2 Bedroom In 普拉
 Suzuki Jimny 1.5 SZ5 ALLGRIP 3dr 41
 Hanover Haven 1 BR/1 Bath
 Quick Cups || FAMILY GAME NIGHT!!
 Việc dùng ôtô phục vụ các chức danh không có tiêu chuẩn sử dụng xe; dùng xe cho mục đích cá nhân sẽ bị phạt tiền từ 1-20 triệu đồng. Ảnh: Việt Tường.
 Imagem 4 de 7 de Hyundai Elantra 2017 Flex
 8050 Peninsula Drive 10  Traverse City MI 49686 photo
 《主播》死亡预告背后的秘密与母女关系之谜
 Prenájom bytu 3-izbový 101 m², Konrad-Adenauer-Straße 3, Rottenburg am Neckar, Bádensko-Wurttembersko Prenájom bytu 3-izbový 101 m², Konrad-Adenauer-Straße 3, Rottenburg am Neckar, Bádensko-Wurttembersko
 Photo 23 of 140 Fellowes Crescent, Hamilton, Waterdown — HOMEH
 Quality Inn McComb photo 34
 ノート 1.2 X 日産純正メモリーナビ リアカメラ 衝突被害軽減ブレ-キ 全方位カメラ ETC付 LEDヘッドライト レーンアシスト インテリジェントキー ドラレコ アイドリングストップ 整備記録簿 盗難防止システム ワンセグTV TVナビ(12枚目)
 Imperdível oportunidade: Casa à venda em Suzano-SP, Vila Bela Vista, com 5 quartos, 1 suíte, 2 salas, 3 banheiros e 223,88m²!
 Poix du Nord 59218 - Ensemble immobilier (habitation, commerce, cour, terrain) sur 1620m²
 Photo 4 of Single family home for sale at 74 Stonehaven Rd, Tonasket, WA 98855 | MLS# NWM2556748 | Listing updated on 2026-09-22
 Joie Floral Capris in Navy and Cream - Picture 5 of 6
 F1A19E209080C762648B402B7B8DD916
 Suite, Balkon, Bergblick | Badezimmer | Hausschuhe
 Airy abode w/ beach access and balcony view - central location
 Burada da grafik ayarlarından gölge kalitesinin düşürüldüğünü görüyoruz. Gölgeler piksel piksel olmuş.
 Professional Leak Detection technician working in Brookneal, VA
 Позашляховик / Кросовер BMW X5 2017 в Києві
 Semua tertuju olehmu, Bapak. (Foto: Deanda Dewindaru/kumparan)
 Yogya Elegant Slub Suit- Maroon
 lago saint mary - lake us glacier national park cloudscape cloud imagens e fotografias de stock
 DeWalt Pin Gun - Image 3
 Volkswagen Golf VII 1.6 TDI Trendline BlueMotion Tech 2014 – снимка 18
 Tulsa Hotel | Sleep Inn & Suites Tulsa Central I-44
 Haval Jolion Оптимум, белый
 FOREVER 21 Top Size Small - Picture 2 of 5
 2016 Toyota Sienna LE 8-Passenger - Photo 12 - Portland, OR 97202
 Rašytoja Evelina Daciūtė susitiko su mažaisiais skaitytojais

=-=-=-=-=

## Prompt
Going through the listing, tally each line that contains "Picture", then state the total with no other text.

## Written answer
2